A suo tempo avevamo trasmesso alla II Commissione consiliare i documenti relativi alla prima fase della controversia che era sfociata nel ricorso alla Corte Costituzionale, anche da parte della nostra Regione contro i vari atti governativi che, con la delimitazione dei bacini idrografici a carattere interregionale, quindi sottratti alla competenza delle Regioni, finivano per sottrarre all'intero territorio nazionale salvo le isole, alla competenza delle Regioni in violazione a quanto prescritto dal D.P.R. 616 soprattutto per quanto attiene al passaggio alle Regioni delle opere idrauliche di terza categoria.
Chiaramente si voleva investire la Commissione e quindi il Consiglio del grave problema ed informare di tutte le iniziative da noi prese unitamente alle altre Regioni, sia nei vari convegni appositamente organizzati, sia in sede parlamentare. Voi sapete quali sono state le cause assolutamente di forza maggiore che hanno impedito per molti mesi di affrontare tale discorso, che, lungi dall'essere superato, sta diventando sempre più di attualità in vista della scadenza del 1° gennaio 1980 fissata dall'articolo 89 del D.P.R. 616. Detto articolo 89 recita: "Per le opere idrauliche relative ai bacini idrografici interregionali si provvederà in sede di legge di riforma dell'amministrazione dei lavori pubblici e, in mancanza di tale legge, le funzioni sono delegate, a far data dal 1° gennaio 1980 alle Regioni interessate che le esercitano sulla base di programmi fissati e coordinati dai competenti organi statali". Lo Stato non ha provveduto alla riforma dell'amministrazione dei lavori pubblici e, predisponendo un decreto volto a far slittare il termine del 1 gennaio 1980, stabilito per il passaggio delle competenze alle Regioni vuol cogliere l'occasione ancora una volta per ribadire la sua impostazione sui bacini interregionali e rafforzare le sue impostazioni per il mantenimento della sua competenza nelle opere di terza categoria.
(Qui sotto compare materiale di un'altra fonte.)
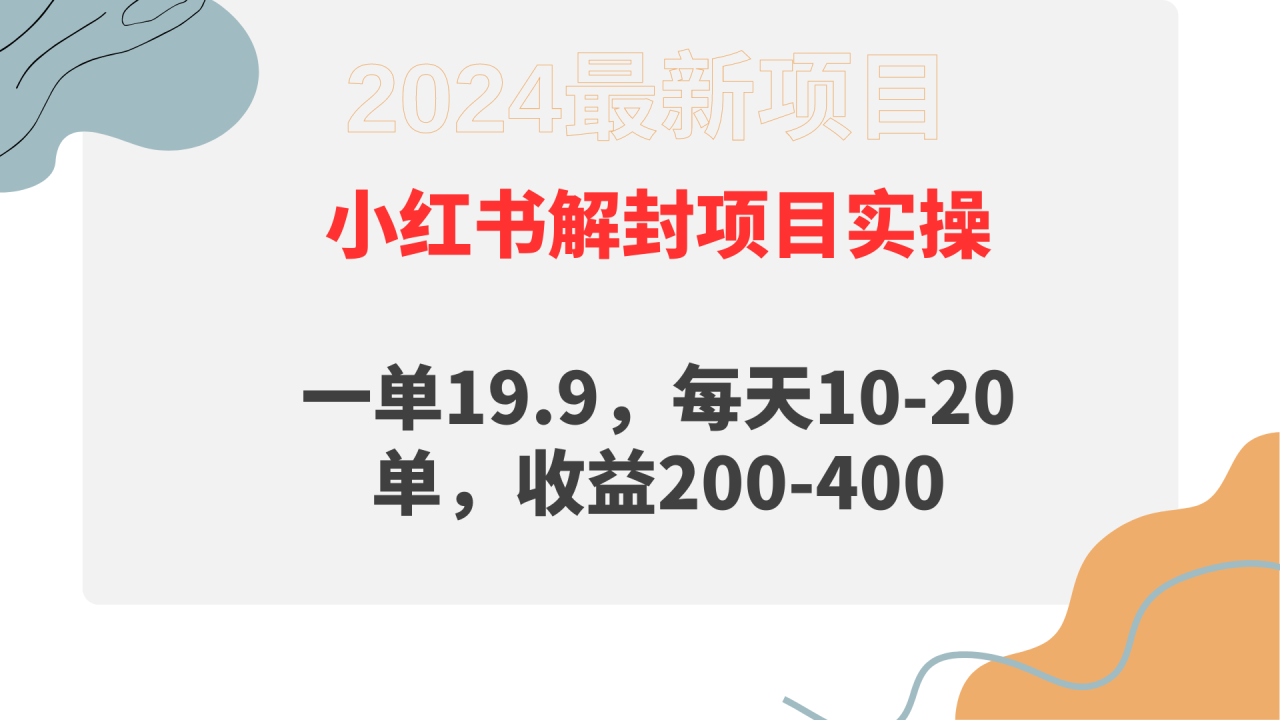 小红书解封项目： 一单19.9，每天10-20单，收益200-400-爱赚项目网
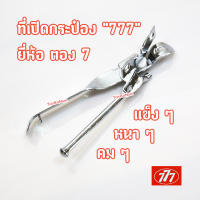 ที่เปิดกระป๋อง สแตนเลส ยี่ห้อ 777 / ตองเจ็ด ของแท้ 100% /ที่เปิดกระป๋องหมุน ๆ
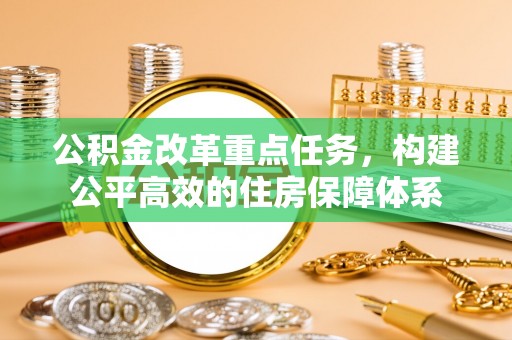 阿克塞公积金改革重点任务，构建公平高效的住房保障体系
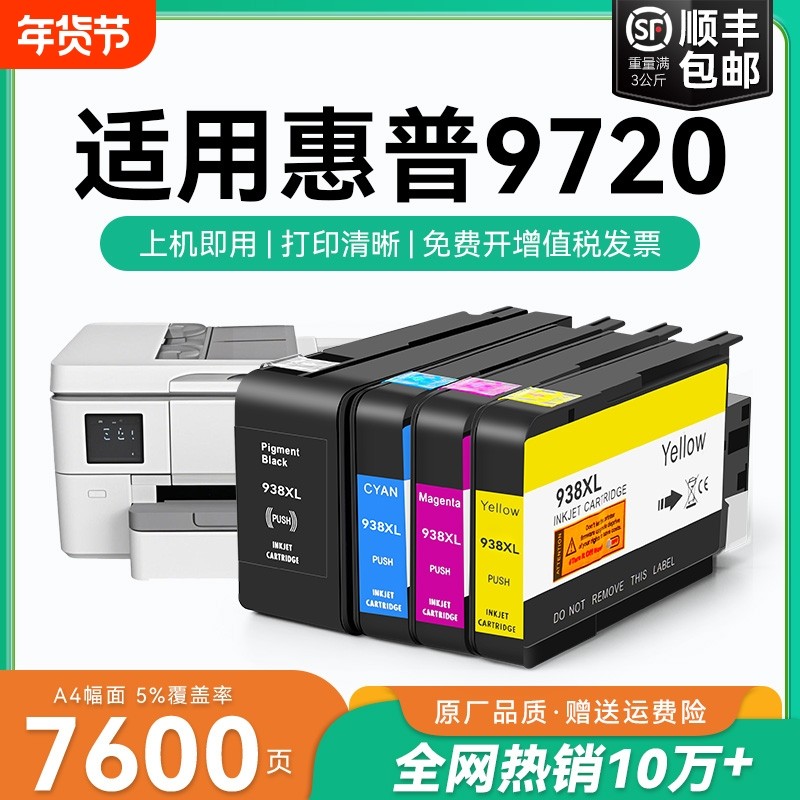 适用惠普9720墨盒HP938xl打印机墨水盒HP OfficeJet Pro 9720喷墨打印机墨盒HP938黑色彩色墨水非原装CMYK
In verità, il decreto che delimita i bacini interregionali affermando che il riferimento alle opere idrauliche sono del tutto irrilevanti, fa pensare che si voglia rimettere in discussione persino la delega delle funzioni amministrative circa le opere di quarta e quinta categoria non classificate già concesse alle Regioni prima del D.P.R. 616.
Senza dilungarci su questa materia e rimandando ad una trattazione in apposite riunioni, riteniamo opportuno ribadire che il problema della conflittualità della competenza fra Stato e Regione non si risolve a nostro avviso con un taglio netto, ma distinguendo piuttosto la natura di queste competenze. Non vi è dubbio che lo Stato manchi della capacità operativa soprattutto per i livelli territoriali più ristretti come stanno a dimostrare le vicende dell'Ossola, del Biellese e della Val Sesia, mentre è propria dei poteri locali la capacità di cogliere l'esigenza ed i problemi magari delimitati, ma di importanza vitale. D'altro canto lo Stato pu disporre di una visione dei problemi più complessiva e sintetica, che gli consente di fare opera di coordinamento e di indirizzo generale.
In particolare, per il bacino del Po, le Regioni interessate stanno perfezionando delle proposte, che vanno dall'ampliamento dei Comitati di bacino previsti nella legge Merli per il risanamento e l'utilizzazione delle acque, a quelle di un consorzio interregionale per il quale fin dal 1977 si era abbozzato uno studio, sarà comunque il Consiglio regionale che dovrà, anche attraverso la disamina della II Commissione, pervenire alle definitive valutazioni della nostra Regione, anche se il problema è così nitido da aver fatto trovare unanime la solidarietà delle Regioni a difesa delle competenze quali sono scaturite dai vari decreti delegati.
Nel frattempo, per quanto riguarda l'Assessorato alla tutela dell'ambiente, sia nella gestione della legge 54 che in quella delle risorse alla stessa assegnate, si opera in stretta connessione con i principi informativi della legge stessa di cui abbiamo parlato. Anche in rapporto agli eventi calamitosi di questi ultimi anni, per quanto di nostra competenza diretta e per quel tanto che i nostri pochissimi funzionari possono dare di collaborazione alle Comunità montane e ai centri operativi si è lavorato perché si impostassero progetti generali sul bacino (vedi Melezzo, Isorno) in stretta connessione con l'elaborazione del piano di bacino idrografico e generale, che rimane il punto di riferimento oggettivamente più sicuro e più valido indipendentemente da ogni discussione sulle competenze. Se poi i nodi sulle competenze si scioglieranno con salvezza dei sacrosanti interessi vitali delle Regioni non ci resta che auspicare che si raggiunga al nostro interno quel perfezionamento delle strutture unitamente ad una congrua destinazione delle risorse che ci metta in grado di affrontare sempre più il gravissimo problema della difesa del suolo come uno degli aspetti più concreti e costanti della programmazione regionale per prevenire e scongiurare in futuro certe calamità oggi ancora troppo frequenti.



PRESIDENTE

Si apre così il dibattito. Chiede di parlare il Consigliere Oberto. Ne ha facoltà.



OBERTO Gianni

Vorrei pregare il Vicepresidente Bajardi, che stamattina ha distribuito gli atti e i documenti dell'Assessorato alla viabilità e trasporti, di dare una precisazione importante e necessaria su quanto è scritto a pagina 3, al n. 4 dell'introduzione al dibattito sui problemi delle autostrade: " Situazione più generale delle autostrade per quanto si riferisce alla società Ativa".



PRESIDENTE

La parola al Vicepresidente della Giunta regionale, Bajardi.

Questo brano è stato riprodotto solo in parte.